**Assignment**
Pictures must not appear in the copy. Restate exactly the lines below from the one with "守望相助 共战疫情 ——平江县旗袍文化协会阳光分会为我院捐赠抗疫物资(图1)" through the one with "145 SURRY LANE - Photo 2", inclusive.

**Available data**
⟨

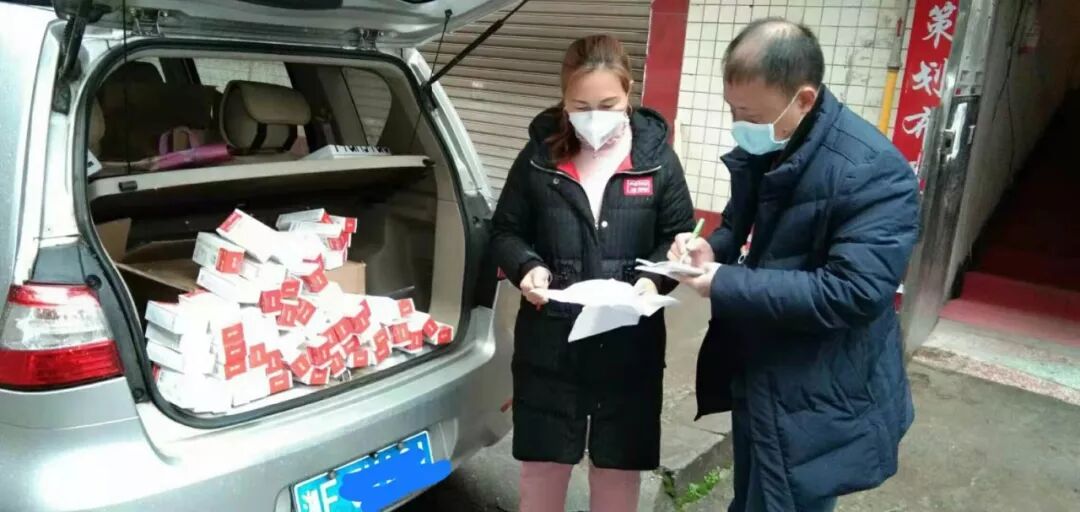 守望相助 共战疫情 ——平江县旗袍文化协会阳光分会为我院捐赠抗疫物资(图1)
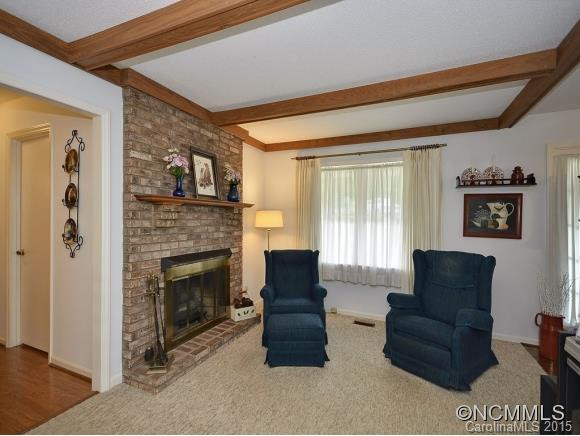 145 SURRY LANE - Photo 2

⟩
⟨

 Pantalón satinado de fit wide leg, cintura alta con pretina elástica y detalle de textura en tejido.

⟩
⟨

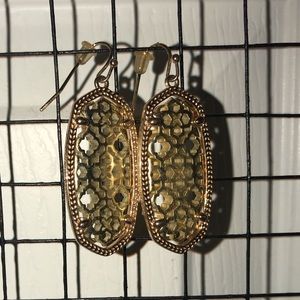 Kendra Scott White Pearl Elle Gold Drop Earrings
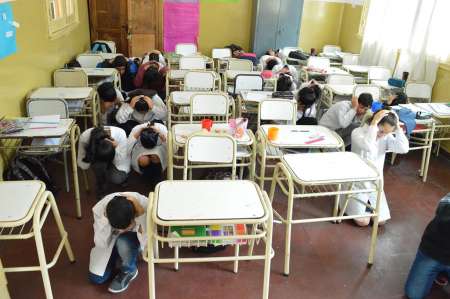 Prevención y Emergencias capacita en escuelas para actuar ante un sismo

⟩

**Task answer**
 守望相助 共战疫情 ——平江县旗袍文化协会阳光分会为我院捐赠抗疫物资(图1)
 145 SURRY LANE - Photo 2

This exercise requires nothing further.